Последнее, что увидел Данилка из окошка милицейского уазика, это был старик-келарь. Он стоял высокий, сухой, прямой как палка и смотрел на уходящую машину.
В интернате Данилка жить не хотел. Перерос он это инфантильное общество, которое бездумно смотрело телевизор по вечерам и радовалось дешевой жвачке. Он верил отцу Владимиру, Андрею и не допускал мысли, что они его забудут. Они действительно его не забыли, и Данилкина судьба решалась у главы администрации района. Но все было против Данилки. Вердикт опеки был прост: ребенок – сирота и должен до совершеннолетия жить в детском доме. Отец Владимир был в отчаянии. У него было ощущение предательства перед ребенком. «Мы в ответе за тех, кого приручили», – набатом било у него в голове.
Данилка тем временем решил действовать сам. Ему нужно было убежать в Печенгу, а там… – «Там все образуется», – считал мальчишка. Случай представился. Его в группе мальчишек отправили помочь кочегару котельной. Этого было достаточно, чтобы в корпус он не вернулся. На подворье через бабу Надю он нашел водителя машины, который приезжал в монастырь. Тот понял мальчишку, и они стали думать, как проехать без документов контрольно – пропускной пункт в Печенге. Выручила шоферская солидарность: кто-то из знакомых водителей ехал в Никель с грузом. Ехал через финскую дорогу. Пункт пограничников был полуофициальный, и кроме путевки они ничего не смотрели. Нужно ли говорить, что с утра Данилка сидел в кабине и рассказывал водителю свою судьбу. Тот только мотал головой и материл власть. Перед пунктом Данилка перебрался в фуру. Водитель привычно запломбировал нарушенную пломбу, и вскоре Данилка вновь сидел с водителем и жевал приготовленные бабой Надей бутерброды.
– И что ты собираешься делать, парень? – спросил водитель. – Тебя уже хватились, ищут.
– Не знаю, – честно ответил Данилка, – но в интернат я не вернусь.
Он верил отцу Владимиру и знал, что тот отправки в интернат не допустит. Он был прав. В это время отец Владимир продумывал в администрации сложную схему оставления мальчика в монастыре через опекунство.
– Удачи тебе, дружище, – напутствовал его водитель, высаживая Данилку на обочине в Никеле. – Доберешься?

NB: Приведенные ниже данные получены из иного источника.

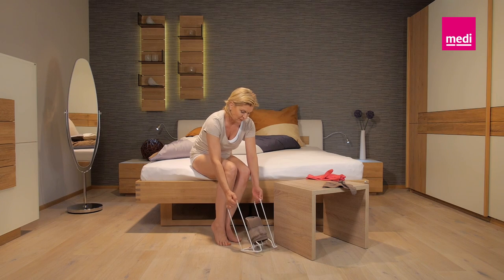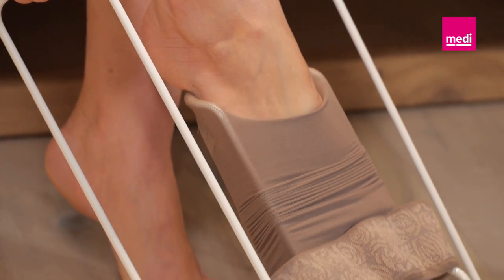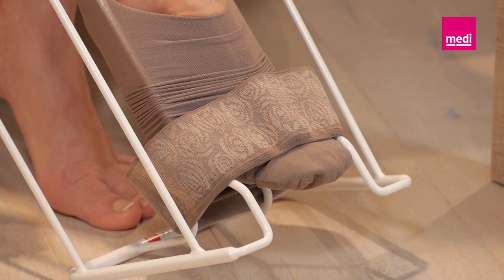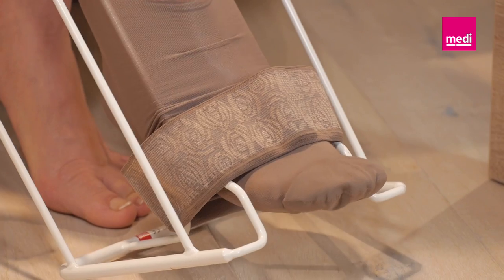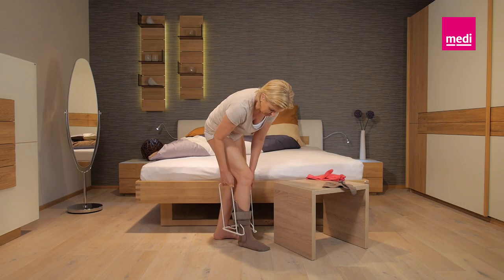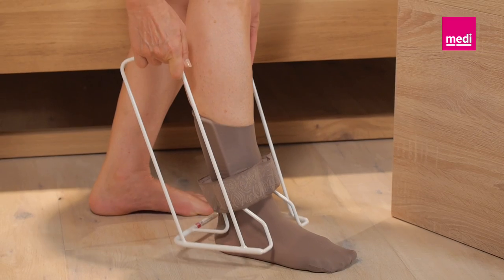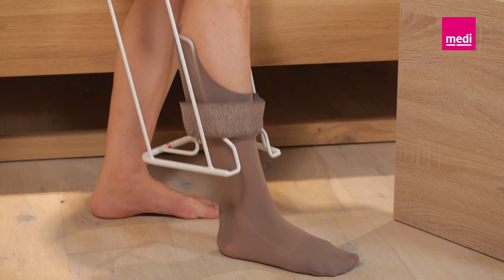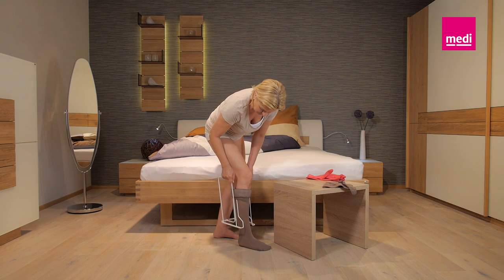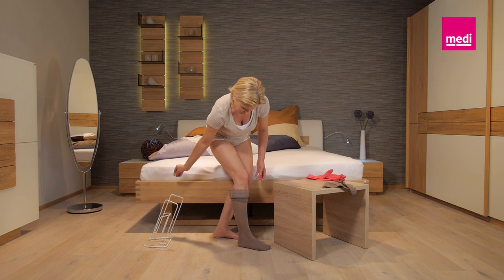Place the Medi-Butler on the floor in front of you. Hold the side handles and tip the butler backwards so that you can slip your foot easily into the stocking. Hold the butler firmly by the handles and slide your toes slowly into the stocking. Once your whole foot is in the stocking, you can put your foot down on the floor and stand up. Now, pull the Medi-Butler up towards your knee and pull the stocking up your leg by pulling and pushing alternately on both handles.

– Доберусь, дядя, – бодро ответил Данилка.
Первый же армейский УА З подобрал мальчишку. Вот и развилка. Машина повернула на Лиинахамари, а Данилка пошел по хрустящей от легкого мороза дороге к монастырю. Смеркалось. Воздух становился синим, прозрачным. «Синий день», – вспомнил Данилка лопарское название сумерек. Мороз легонько прихватывал уши.
Вдруг раздался удар колокола. Он загудел. Вначале неохотно, словно только что поднял голову с подушки. Затем разохотился и пошел гудеть по настоящему, с удовольствием. Монахи и прихожане собирались на вечерню. Данилка ускорил шаги. Он шел к себе домой.